Le hablaba de su belleza, fortaleza, inteligencia y pasión y de que él veía esas mismas cualidades en ella. Le decía que se conocieron en España, cuando Theodore fue a visitar al padre de María Eugenia, a quien admiraba. Se enamoró perdidamente de ella y los dos se marcharon juntos a Italia, donde se casaron. Allí fue donde Sally nació. En la carta le explicaba que su madre la quería… Era evidente que había mucho más para contar, pero la carta estaba inacabada. Durante todo este tiempo, Sally nunca dejó de pensar en las palabras de su padre y las utilizaba como aliciente cuando las cosas se torcían, y recordaba que sus padres no habían valorado la posición social o la riqueza, sino el talento, la fortaleza…

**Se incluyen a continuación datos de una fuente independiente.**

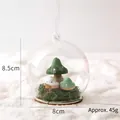 Christmas glass dome ornament featuring three colorful mushrooms on green moss base - Hanging Glass Ball - Mushroom B (45g)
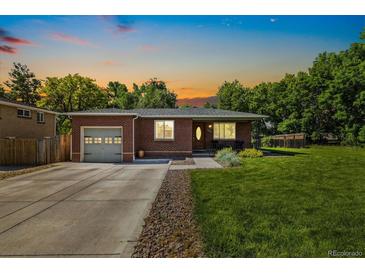 Charming brick home with a well-manicured lawn and an attached one-car garage and beautiful sunset at 7350 W 21St Ave, Lakewood, CO 80214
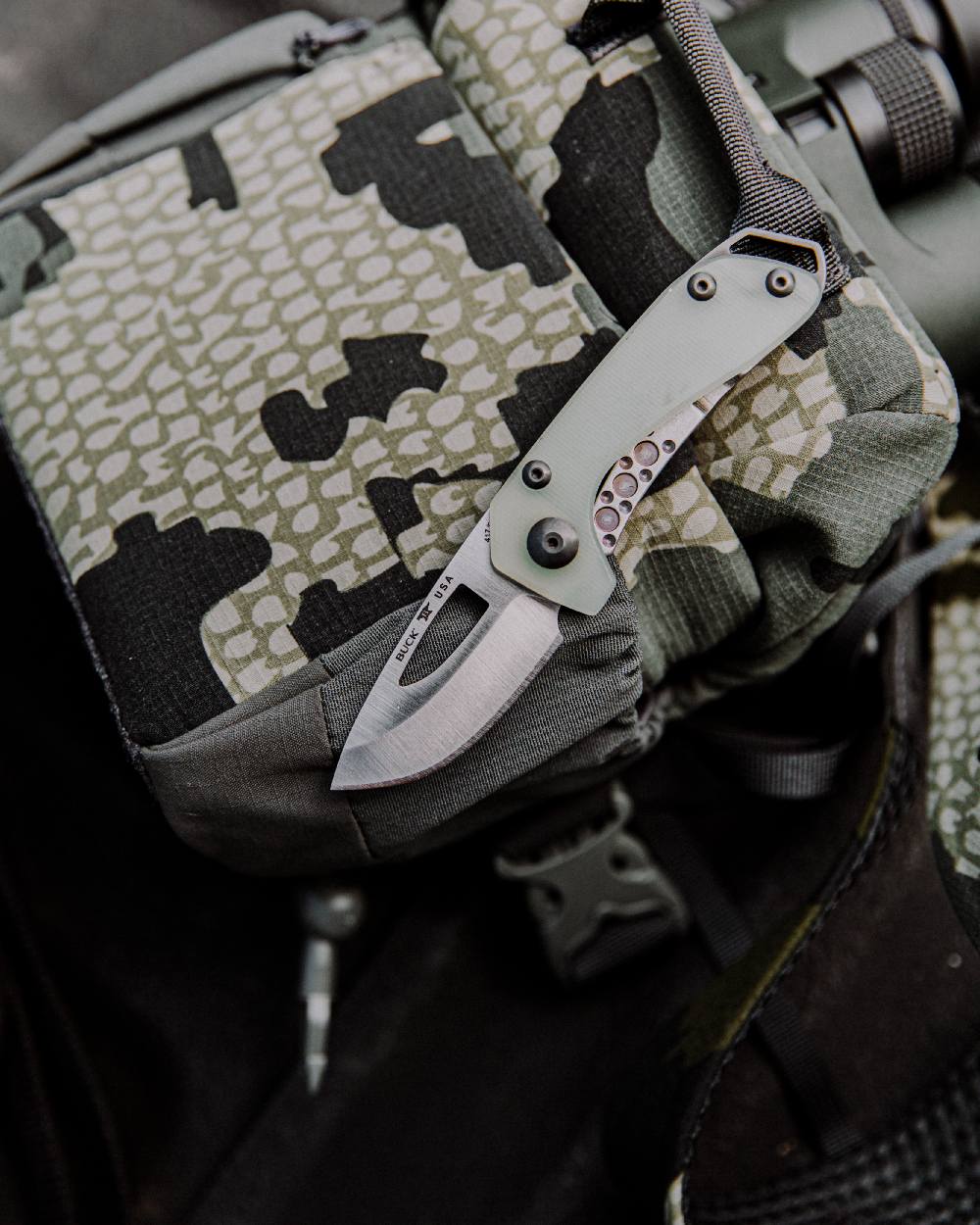 Natural coloured Buck Budgie Knife on bag background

—Es gracioso que Mei sea hija ilegítima, como lo fue mi madre.

Edgar iba a decir algo, pero fue interrumpido por un gesto violento de Sally. Esta acababa de tocar, con su mano libre, la frente de Mei, que estaba ardiendo:

—Edgar, por favor, ven —suplicó Sally, intentando no perder los nervios—. ¡Creo que Mei tiene fiebre!

El chico le tomó la temperatura y el pulso, le miró las pupilas y el interior de la boca. Sin decir nada, y con un gesto de preocupación que le hacía parecer un hombre sobrio, empezó a preparar cataplasmas y un brebaje para la pequeña. Durante todo el proceso, Sally se mantuvo en silencio, acariciando a la niña, hablándole al oído. Al final, no pudo contenerse y le preguntó:

—¿Qué es lo que tiene?

—No lo sé. Podrían ser muchas cosas, pero lo que está claro es que tiene una fiebre muy alta… —Edgar le quitó la ropa y miró de nuevo el sarpullido, le tocó la garganta, y, con las manos temblando por el alcohol y los nervios, le abrió la boca… La lengua de la niña estaba hinchada y roja, parecía una fresa—. ¡Cómo no lo he visto antes! El picor, la falta de apetito, el agotamiento… Lo debe de tener desde hace tiempo y yo no me he percatado… Maggie, lo siento, pero Mei tiene un severo caso de escarlatina.

—No, no… —exclamó Sally—, no puede ser; Mei es una niña muy fuerte. Nunca ha estado mala.

—Maggie, una fiebre tan alta en una criatura tan pequeña… o le bajamos la fiebre pronto o morirá.